EXERCISE PROMPT: Please give back, word for word, only the lines starting at the one containing "Hi, this is" and ending at the one containing "The stress wave" within the material below.

PROVIDED RECORDS:
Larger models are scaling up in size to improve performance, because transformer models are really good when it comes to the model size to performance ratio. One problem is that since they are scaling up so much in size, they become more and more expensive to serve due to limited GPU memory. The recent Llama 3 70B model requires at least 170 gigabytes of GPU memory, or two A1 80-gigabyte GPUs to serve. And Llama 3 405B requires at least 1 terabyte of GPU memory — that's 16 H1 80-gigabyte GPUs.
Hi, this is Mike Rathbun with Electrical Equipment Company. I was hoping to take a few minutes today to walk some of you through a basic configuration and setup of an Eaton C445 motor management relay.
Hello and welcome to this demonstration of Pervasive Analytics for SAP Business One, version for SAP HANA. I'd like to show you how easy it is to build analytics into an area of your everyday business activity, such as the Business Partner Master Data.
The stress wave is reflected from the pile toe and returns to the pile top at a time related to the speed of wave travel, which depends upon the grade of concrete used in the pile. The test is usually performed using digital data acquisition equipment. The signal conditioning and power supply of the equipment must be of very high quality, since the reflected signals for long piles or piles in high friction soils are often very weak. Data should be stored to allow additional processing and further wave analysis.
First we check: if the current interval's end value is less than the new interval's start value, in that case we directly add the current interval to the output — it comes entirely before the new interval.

...

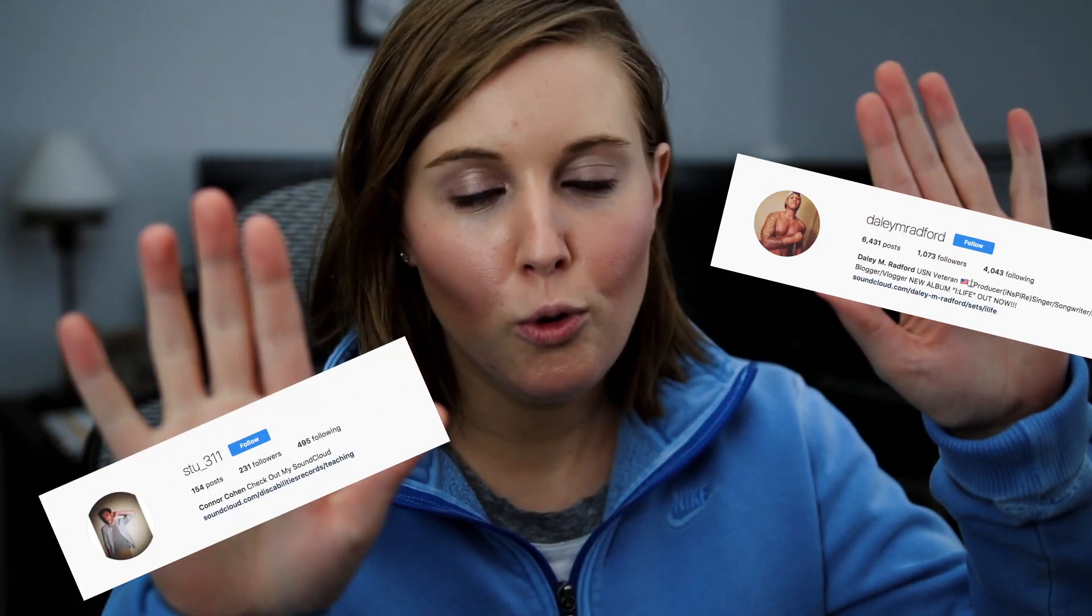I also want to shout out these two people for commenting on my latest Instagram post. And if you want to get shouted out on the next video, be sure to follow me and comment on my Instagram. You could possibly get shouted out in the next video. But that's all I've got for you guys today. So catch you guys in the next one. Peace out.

ANSWER TO THE EXERCISE:
Hi, this is Mike Rathbun with Electrical Equipment Company. I was hoping to take a few minutes today to walk some of you through a basic configuration and setup of an Eaton C445 motor management relay.
Hello and welcome to this demonstration of Pervasive Analytics for SAP Business One, version for SAP HANA. I'd like to show you how easy it is to build analytics into an area of your everyday business activity, such as the Business Partner Master Data.
The stress wave is reflected from the pile toe and returns to the pile top at a time related to the speed of wave travel, which depends upon the grade of concrete used in the pile. The test is usually performed using digital data acquisition equipment. The signal conditioning and power supply of the equipment must be of very high quality, since the reflected signals for long piles or piles in high friction soils are often very weak. Data should be stored to allow additional processing and further wave analysis.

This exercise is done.